:: YOUR ASSIGNMENT ::
Quote verbatim the span of lines that begins the listing below and closes with the line containing "6 7 8 Buttons".

:: INPUT ::
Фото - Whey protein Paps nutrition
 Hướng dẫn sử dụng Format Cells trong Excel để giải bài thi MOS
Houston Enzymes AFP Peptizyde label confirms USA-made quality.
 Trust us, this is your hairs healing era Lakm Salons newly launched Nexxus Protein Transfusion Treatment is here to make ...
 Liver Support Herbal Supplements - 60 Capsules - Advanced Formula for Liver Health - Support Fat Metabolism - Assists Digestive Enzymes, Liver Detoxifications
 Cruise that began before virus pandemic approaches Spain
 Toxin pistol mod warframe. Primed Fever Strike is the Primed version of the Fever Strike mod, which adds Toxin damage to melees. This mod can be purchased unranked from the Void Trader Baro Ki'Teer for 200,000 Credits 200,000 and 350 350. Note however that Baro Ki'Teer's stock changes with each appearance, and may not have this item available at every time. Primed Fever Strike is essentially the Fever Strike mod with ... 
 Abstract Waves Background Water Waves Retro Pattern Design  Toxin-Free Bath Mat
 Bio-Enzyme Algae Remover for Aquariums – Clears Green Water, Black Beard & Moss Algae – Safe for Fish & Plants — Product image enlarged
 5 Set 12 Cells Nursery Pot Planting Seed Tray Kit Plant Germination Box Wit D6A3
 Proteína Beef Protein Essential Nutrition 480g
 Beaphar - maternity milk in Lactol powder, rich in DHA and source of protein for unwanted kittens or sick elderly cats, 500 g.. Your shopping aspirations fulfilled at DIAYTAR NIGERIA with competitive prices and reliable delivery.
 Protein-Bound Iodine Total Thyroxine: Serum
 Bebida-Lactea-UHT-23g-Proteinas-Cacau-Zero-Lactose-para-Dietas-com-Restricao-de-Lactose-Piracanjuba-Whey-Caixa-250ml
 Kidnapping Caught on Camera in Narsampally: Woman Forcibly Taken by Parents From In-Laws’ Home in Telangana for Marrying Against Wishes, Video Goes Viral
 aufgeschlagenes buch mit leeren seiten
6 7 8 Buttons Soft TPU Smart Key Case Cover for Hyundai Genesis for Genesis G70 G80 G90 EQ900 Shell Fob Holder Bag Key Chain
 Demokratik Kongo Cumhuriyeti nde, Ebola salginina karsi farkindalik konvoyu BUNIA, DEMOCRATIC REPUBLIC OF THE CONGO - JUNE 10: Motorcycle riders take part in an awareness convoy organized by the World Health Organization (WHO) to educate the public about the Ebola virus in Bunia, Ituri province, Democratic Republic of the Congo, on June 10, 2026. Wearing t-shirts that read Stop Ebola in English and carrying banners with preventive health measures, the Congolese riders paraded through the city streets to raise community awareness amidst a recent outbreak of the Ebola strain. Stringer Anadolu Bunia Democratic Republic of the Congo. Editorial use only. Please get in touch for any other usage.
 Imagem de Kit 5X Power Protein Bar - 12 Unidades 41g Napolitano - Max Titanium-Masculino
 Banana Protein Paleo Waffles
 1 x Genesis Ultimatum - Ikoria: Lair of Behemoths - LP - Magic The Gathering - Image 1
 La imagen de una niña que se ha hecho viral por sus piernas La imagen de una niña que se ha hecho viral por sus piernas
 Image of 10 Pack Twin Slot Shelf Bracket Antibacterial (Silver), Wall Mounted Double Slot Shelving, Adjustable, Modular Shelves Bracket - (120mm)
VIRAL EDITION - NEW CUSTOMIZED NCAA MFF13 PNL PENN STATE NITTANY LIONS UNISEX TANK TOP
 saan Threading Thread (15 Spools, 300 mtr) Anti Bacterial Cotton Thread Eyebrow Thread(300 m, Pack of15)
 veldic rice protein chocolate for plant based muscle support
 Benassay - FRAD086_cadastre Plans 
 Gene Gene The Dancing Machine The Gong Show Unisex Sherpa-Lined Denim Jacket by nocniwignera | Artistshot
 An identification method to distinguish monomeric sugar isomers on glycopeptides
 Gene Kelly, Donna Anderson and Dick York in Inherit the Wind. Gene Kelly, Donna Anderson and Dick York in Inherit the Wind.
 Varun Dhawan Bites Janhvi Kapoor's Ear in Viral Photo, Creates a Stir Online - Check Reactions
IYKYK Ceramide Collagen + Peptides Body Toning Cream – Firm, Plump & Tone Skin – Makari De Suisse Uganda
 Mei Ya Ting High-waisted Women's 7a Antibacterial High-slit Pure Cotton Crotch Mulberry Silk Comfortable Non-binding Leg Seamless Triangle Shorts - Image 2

:: ANSWER BOX ::
Фото - Whey protein Paps nutrition
 Hướng dẫn sử dụng Format Cells trong Excel để giải bài thi MOS
Houston Enzymes AFP Peptizyde label confirms USA-made quality.
 Trust us, this is your hairs healing era Lakm Salons newly launched Nexxus Protein Transfusion Treatment is here to make ...
 Liver Support Herbal Supplements - 60 Capsules - Advanced Formula for Liver Health - Support Fat Metabolism - Assists Digestive Enzymes, Liver Detoxifications
 Cruise that began before virus pandemic approaches Spain
 Toxin pistol mod warframe. Primed Fever Strike is the Primed version of the Fever Strike mod, which adds Toxin damage to melees. This mod can be purchased unranked from the Void Trader Baro Ki'Teer for 200,000 Credits 200,000 and 350 350. Note however that Baro Ki'Teer's stock changes with each appearance, and may not have this item available at every time. Primed Fever Strike is essentially the Fever Strike mod with ... 
 Abstract Waves Background Water Waves Retro Pattern Design  Toxin-Free Bath Mat
 Bio-Enzyme Algae Remover for Aquariums – Clears Green Water, Black Beard & Moss Algae – Safe for Fish & Plants — Product image enlarged
 5 Set 12 Cells Nursery Pot Planting Seed Tray Kit Plant Germination Box Wit D6A3
 Proteína Beef Protein Essential Nutrition 480g
 Beaphar - maternity milk in Lactol powder, rich in DHA and source of protein for unwanted kittens or sick elderly cats, 500 g.. Your shopping aspirations fulfilled at DIAYTAR NIGERIA with competitive prices and reliable delivery.
 Protein-Bound Iodine Total Thyroxine: Serum
 Bebida-Lactea-UHT-23g-Proteinas-Cacau-Zero-Lactose-para-Dietas-com-Restricao-de-Lactose-Piracanjuba-Whey-Caixa-250ml
 Kidnapping Caught on Camera in Narsampally: Woman Forcibly Taken by Parents From In-Laws’ Home in Telangana for Marrying Against Wishes, Video Goes Viral
 aufgeschlagenes buch mit leeren seiten
6 7 8 Buttons Soft TPU Smart Key Case Cover for Hyundai Genesis for Genesis G70 G80 G90 EQ900 Shell Fob Holder Bag Key Chain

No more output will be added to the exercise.